Nearly new buying guide: Audi A1 Sportback

There’s no reason why a premium car has to be a large one, nor any good reason why a small one shouldn’t feature fancy technology. The original A1 wrapped all the good qualities of larger Audis in a nifty package that immediately became a hit, and although its successor grew a little larger around the waist, it embodies the same principles.

Engine choices are plentiful. At the top of the tree is a 197bhp 2.0-litre turbo petrol (badged 40 TFSI) that’s paired exclusively to a smooth six-speed automatic gearbox. But more sensible options include the 148bhp 1.5-litre (35 TFSI), 113bhp 1.0-litre (30 TFSI) and entry-level 94bhp 1.0-litre (25 TFSI) turbo petrols.

However, it’s tech that really sets the A1 apart from other superminis, because even the base SE model (later known as Technik) has super-bright LED headlights and the sweeping indicators in the LED tail-lights you see on bigger Audis. There’s also a simplified, 10.25in digital cockpit, 15in alloys, a DAB radio, lane departure warning, automatic emergency braking and 8.8in touchscreen infotainment with Apple CarPlay and Android Auto.

Sport models gain 16in wheels, rear parking sensors and front sports seats. S Line comes in four different flavours. The standard version has 17in rims, sports suspension and some sportier exterior styling; S Line Contrast edition and S Line Style edition are mostly styling packages; while S Line Competition is the only way to get the most powerful 40 TFSI engine and adaptive dampers. These should be able to take the sting out of lumps and bumps on a really rough road when you select Comfort mode.

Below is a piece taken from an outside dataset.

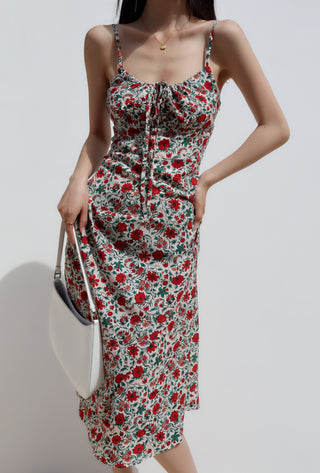 retro floral suspender skirt high waist dress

Vorsprung and Black Edition models top the range, upping the ante with 18in wheels and a wealth of additional equipment.

As long as you stick with the standard suspension set-up (called Dynamic) and don’t go for larger alloys, the A1 is one of the smoothest-riding small cars available. S Line models have sports suspension as standard, and some might find this a little too firm when in combination with 18in wheels. Ride quality may vary, then, but all A1s have predictable steering that allows you to accurately place the car on the road and are refined and good to drive. Mind you, those with the manual gearbox have a rather long gearshift action that’s not as slick as that of the cheaper Ford Fiesta.

Where the original A1 really fell short of the competition was for interior space, because while people up front were well catered for, rear accommodation was tight and the boot was small. But this current car is closely related to the latest Seat Ibiza and Volkswagen Polo, which are among the roomiest small hatchbacks around, so it’s no surprise to find that this A1 vastly improves on what went before.